Tout en lavant rigoureusement les cheveux de sa nouvelle pensionnaire, elle
rêvait tout éveillée, se voyant déjà régnant sur les affaires d’une Fiora
couverte d’or et de joyaux par tout le Sacré Collège répandu à ses pieds. Mais,
à dire vrai, la jeune femme ne l’écoutait pas davantage.
Elle
réfléchissait tout en se laissant aller au simple plaisir de ce bain chaud et
parfumé et dont elle avait grand besoin. Un plaisir qu’elle n’avait pas goûté
depuis plusieurs jours car la coutume voulait que l’on n’allât pas aux étuves
lorsque la mort passait dans une maison...
Après
le bain dans lequel Khatoun la remplaça après avoir reçu l’ordre de se
débrouiller toute seule, Pippa enveloppa Fiora dans un drap et l’installa le
dos au brasero pour faire sécher ses cheveux :
– J’reviendrai
t’masser et t’parfumer tout à l’heure ! déclara-elle en quittant la
chambre à la grande satisfaction de Fiora qui se rapprocha aussitôt de Khatoun
occupée à se savonner avec un soin maniaque.
– Je
ne te remercierai jamais assez pour ce que tu as fait, lui dit-elle. Peux-tu me
dire, à présent, où nous sommes ?
– Dans
le quartier San Spirito, outre Arno.
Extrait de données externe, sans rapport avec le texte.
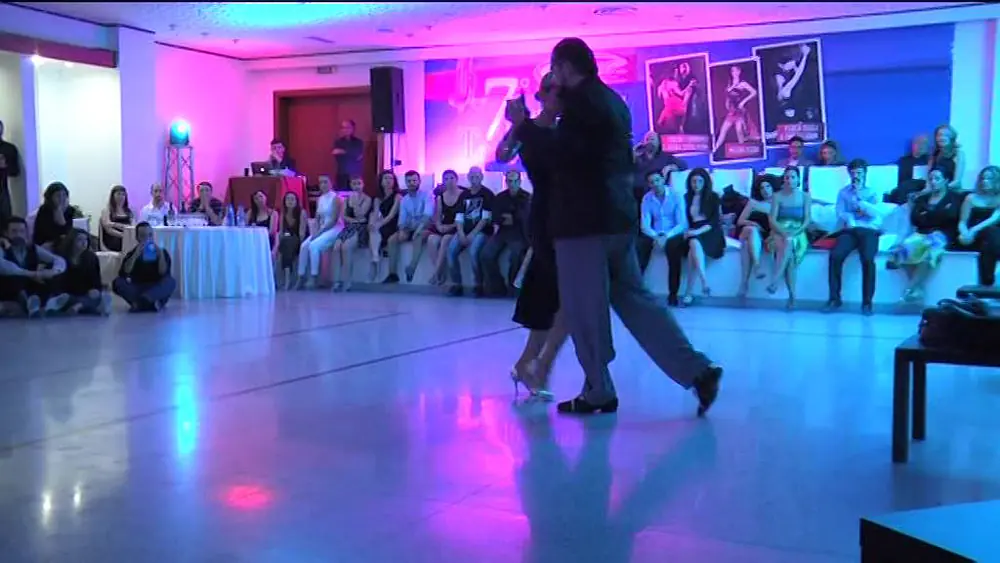 Video thumbnail for Rino Fraina & Graziella Pulvirenti - Nueve Puntos - C.Di Sarli - 7°CITF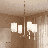 Oreane 4-Light Chandelier in Brushed Nickel-1954205360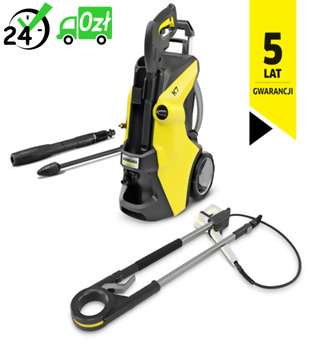 Zestaw do mycia elewacji i dachu – Karcher K7 Power Flex Facade Cleaner (180bar, 600l/h)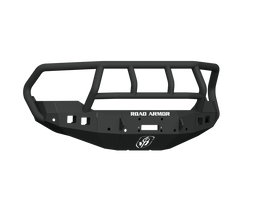 Road Armor 13-18 Ram 1500 Stealth Front Winch Bumper w/Titan II Guard - Tex Blk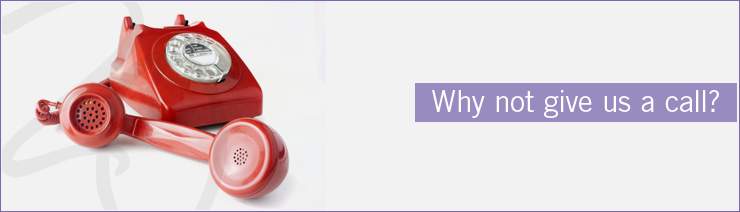 Why not give us a call?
La maison est derrière celle d’un marchand
de chandelles vers le milieu d’une petite rue qui débouche en face du grand
palais inachevé...
– Le
palais des Pitti ? Celui dont ils ont dû abandonner la construction ?
– C’est
ça. On entre ici par un long couloir et il n’y a aucune fenêtre donnant sur la
ruelle. Il y a une lanterne rouge au-dessus de la porte.
– Autrement
dit, ça ne va pas être facile d’en sortir, sinon impossible, Qui viendrait nous
chercher ici ?
– Il
y a tout de même quelqu’un qui sait... Khatoun baissa la voix de plusieurs tons
et agita l’eau du bain pour mieux la couvrir. C’est un vieux mendiant que j’ai
rencontré près du couvent. Il a été très bon, très généreux. La femme avait
raison : c’est défendu de mendier sans la permission des autres mais lui m’a
permis. Il m’avait prise un peu sous sa protection et il était avec moi quand
les hommes t’ont apportée ici...
– Tu
lui avais dit pourquoi tu t’étais installée près de Santa Lucia ?
– Oui.
– Et
il t’a aidée tout de même ?
– Oui
mais ensuite il m’a conseillé de rentrer à la maison. Je n’ai pas voulu. Alors,
il a disparu en me disant que si je restais là je me ferais prendre...
Tristement,
Fiora retourna prendre sa place auprès du feu. Le mince espoir qu’elle avait
conçu s’évanouissait comme le mendiant dans la nuit. Il avait eu pitié de
Khatoun et c’était tout ! Fonder quelque espérance sur l’intérêt d’un être
aussi dépourvu qu’un mendiant relevait de la pure folie. Il faudrait essayer de
trouver autre chose. Mais quoi ?
Quand
Pippa revint, elle lava les cheveux de Khatoun et la fit sortir de l’eau, ôta
la bonde du baquet pour le vider puis revenant à Fiora, la fit étendre sur le
lit pour oindre son corps d’une huile parfumée tandis que Khatoun se séchait à
son tour. Le nez froncé, Fiora renifla l’odeur qui s’échappait des mains de la
Virago.
– Qu’est-ce
que ce parfum ? Celui que j’employais était fait d’iris, de verveine et d’un
peu de jasmin.
– Ça
sent sûrement très bon mais ça ne doit pas valoir grand-chose pour l’amour. Ça,
c’est du nard et ça coûte assez cher pour qu’tu fasses pas la grimace.